## SUPPLIED RECORDS
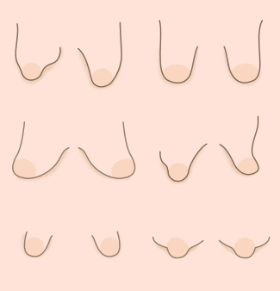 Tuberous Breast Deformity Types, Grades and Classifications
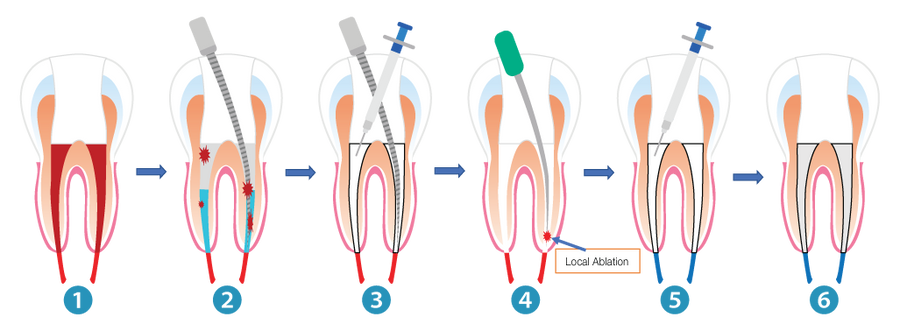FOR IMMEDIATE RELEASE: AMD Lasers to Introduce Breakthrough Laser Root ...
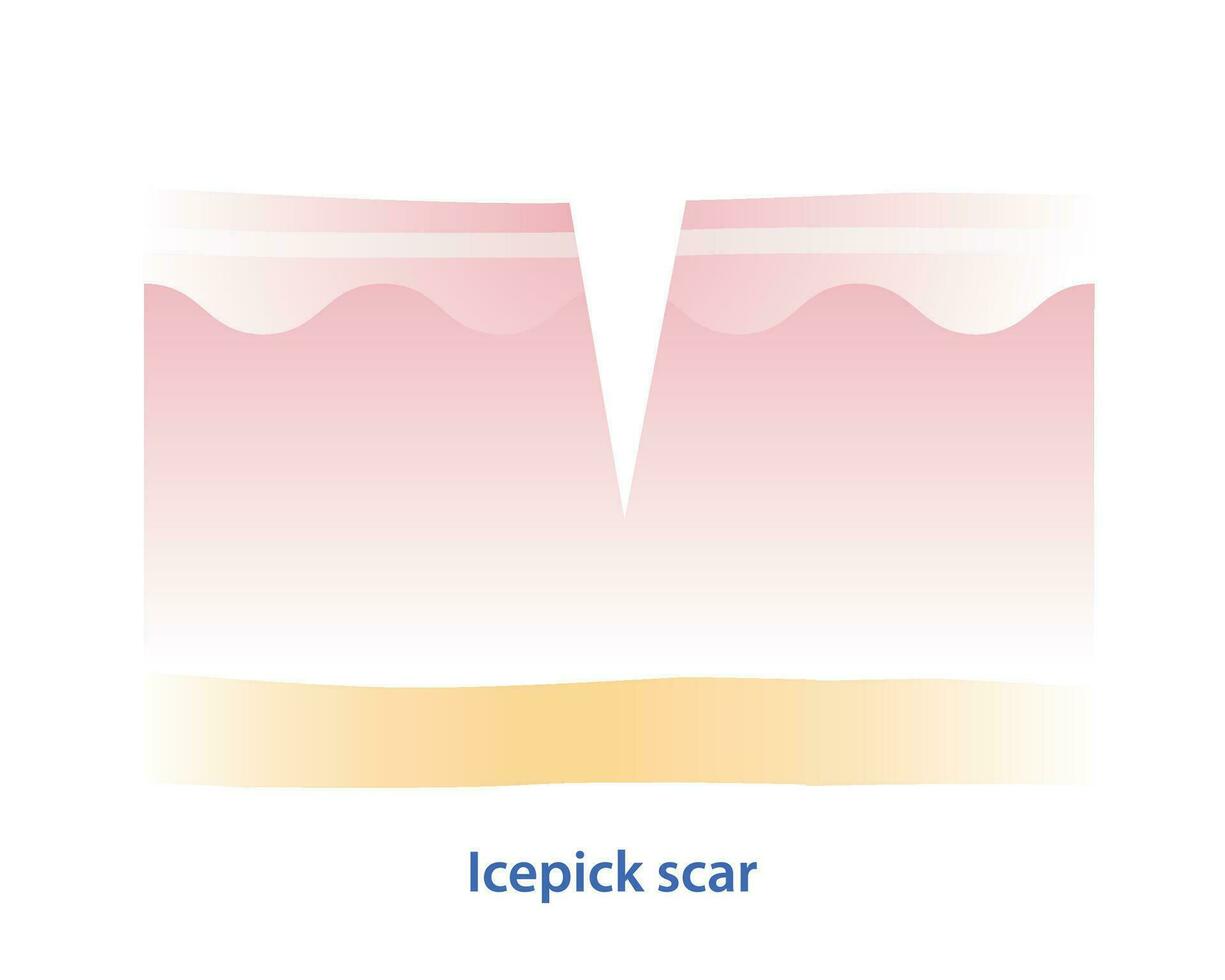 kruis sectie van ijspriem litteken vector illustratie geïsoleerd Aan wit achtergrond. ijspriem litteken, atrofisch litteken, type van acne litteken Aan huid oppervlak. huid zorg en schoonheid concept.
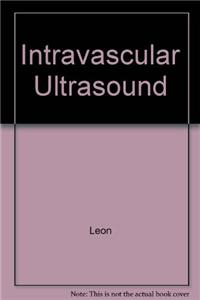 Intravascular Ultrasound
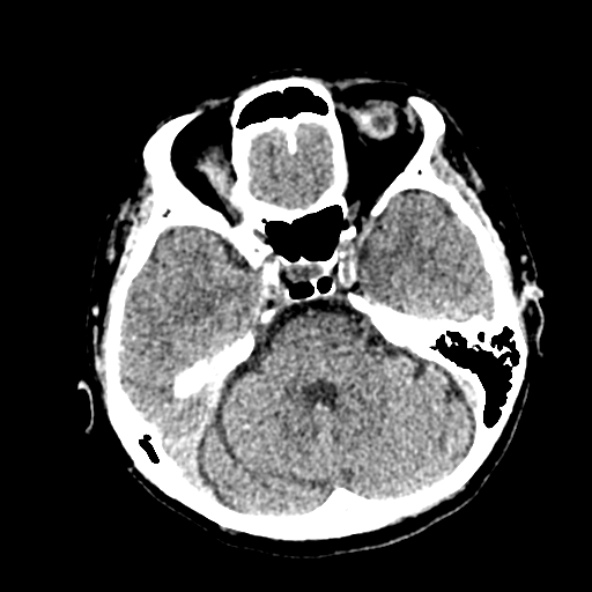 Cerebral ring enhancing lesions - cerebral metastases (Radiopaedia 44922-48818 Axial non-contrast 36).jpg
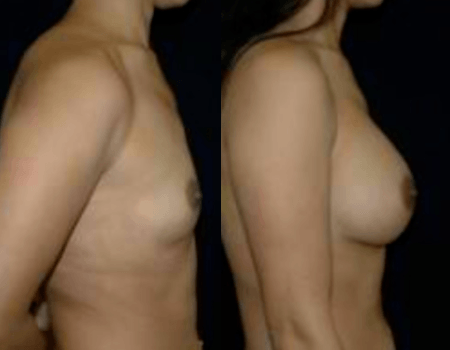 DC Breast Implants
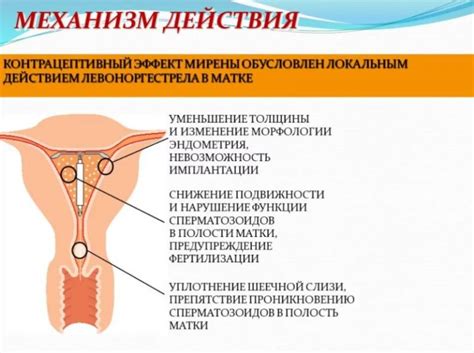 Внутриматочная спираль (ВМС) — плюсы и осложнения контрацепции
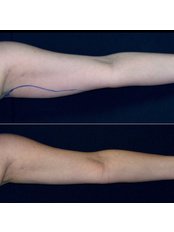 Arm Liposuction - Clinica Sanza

* * *

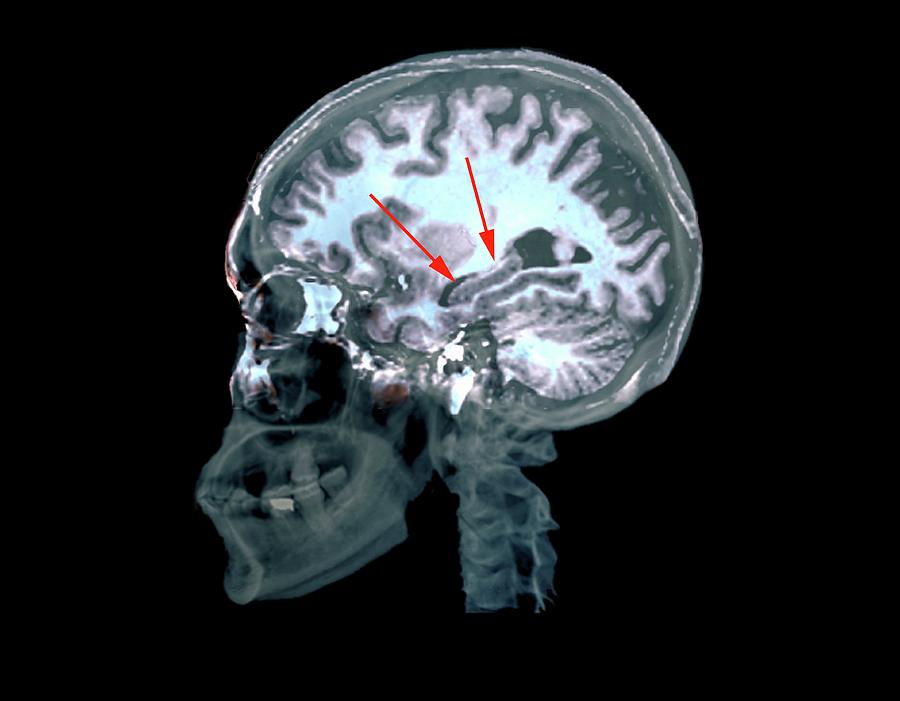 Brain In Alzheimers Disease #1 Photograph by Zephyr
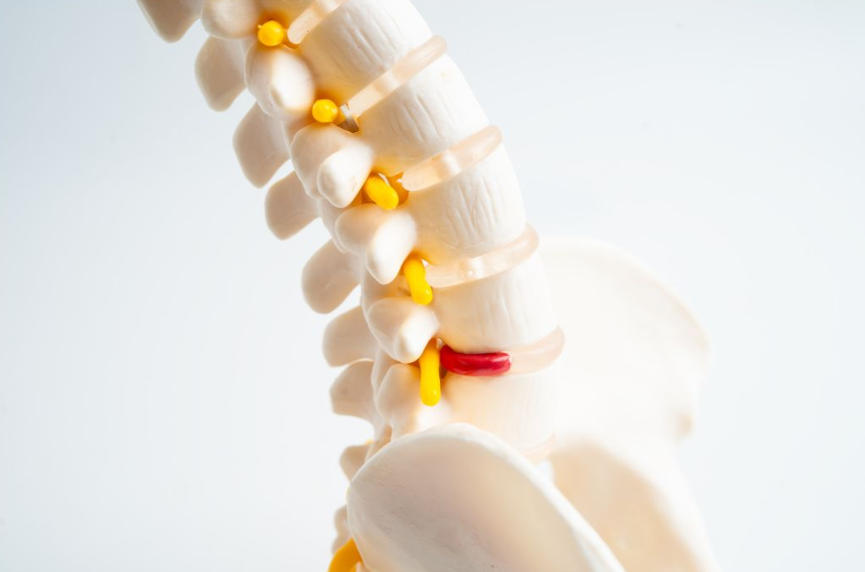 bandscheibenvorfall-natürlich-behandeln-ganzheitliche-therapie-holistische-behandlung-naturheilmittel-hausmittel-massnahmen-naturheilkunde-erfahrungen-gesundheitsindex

## WHAT THIS TASK INVOLVES
Using the records above, return word for word the lines that begin at the one containing "Tuberous Breast Deformity" and end at the one containing "Arm Liposuction - Clinica Sanza", both of them included and no pictures.

## SOLUTION
 Tuberous Breast Deformity Types, Grades and Classifications
FOR IMMEDIATE RELEASE: AMD Lasers to Introduce Breakthrough Laser Root ...
 kruis sectie van ijspriem litteken vector illustratie geïsoleerd Aan wit achtergrond. ijspriem litteken, atrofisch litteken, type van acne litteken Aan huid oppervlak. huid zorg en schoonheid concept.
 Intravascular Ultrasound
 Cerebral ring enhancing lesions - cerebral metastases (Radiopaedia 44922-48818 Axial non-contrast 36).jpg
 DC Breast Implants
 Внутриматочная спираль (ВМС) — плюсы и осложнения контрацепции
 Arm Liposuction - Clinica Sanza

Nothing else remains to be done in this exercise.